Tuesday, April 5, 2011

Sunday, April 3, 2011 (Hanoi)

HANOI IN BLOOM: We got up pretty early on Sunday and headed to the wholesale flower market in Hanoi. It's a stunning place. The flowers are incredible. So are the hard-working and focused women who are there. They show up around midnight; by 8 a.m. about everything is sold. Bicycles and motorbikes are laden with the flowers that will be sold in shops and at street corners throughout the city. Today, yellow was big presence today because of the beginning of the lunar month.

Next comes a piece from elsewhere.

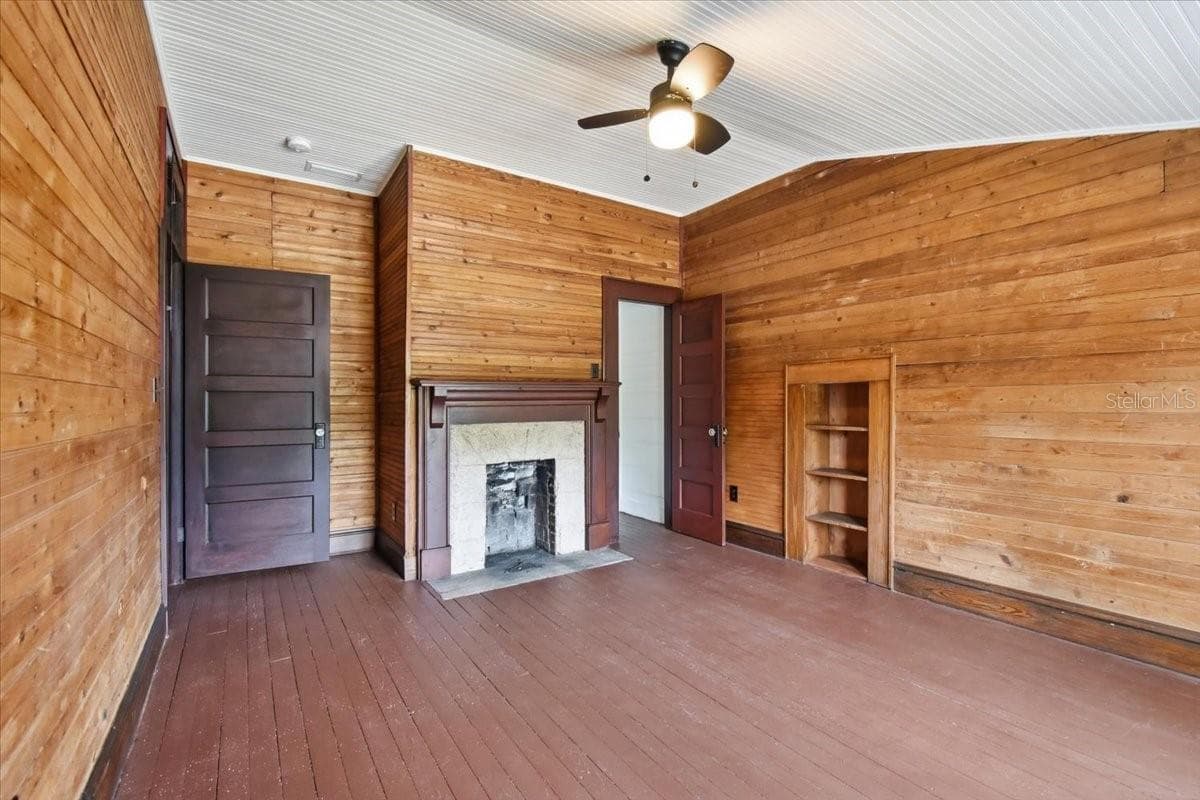 1103 JEFFERSON STREET — photo 46 of 52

SOME OLD HANOI AND NEW HANOI: After the flower-market visit, we saw some flowers in action--at the mausoleum of Ho Chi Minh's, where we were part of a big crowd filing past the body of the much-revered leader (and former busboy at the Parker House in Boston). The location was (obviously) an island of calm in the midst of the hectic traffic of Hanoi. One of the items on the grounds of the mausoleum and residence was an "air raid warning" device. This, obviously, dealt with the bombings of the city during the Vietnam War (or, as our guide called it, "the American War"). It was a shell casing, which, when struck, made a gonging sound.
Later, we went to the Tran Quoc Pagoda and the Temple of Literature. That last place is considered Vietnam's seat of learning. It includes Van Mieu, a temple dating back to 1070 that honors Confucius, and Quoc Tu Giam, an institute set up six years later to teach the philosopher's doctrines. This place is a favorite spot for photographing young students who dress specifically for the occasion (right).
After that, we separated from our guide/driver and spent some of the evening roaming the streets of the Old Quarter (near our hotel). We had a fabulous dinner at the Green Tangerine.
On the walk home, we ran into some after-dark break dancers (right) who were twirling, tumbling, spinning and spilling themselves in the Indira Gandhi Park on a terrace under the watchful eye of the statue of Ly Thai To, the first king of the dynasty that ruled the area for about 200 years, until 1225. It's on the southwest side of Lake Hoan Kiem, the home of some endangered turtles and the figurative heart of the city. The dancers weren't quite as organized and as in-step as the mausoleum guards (above) but were mesmerizing.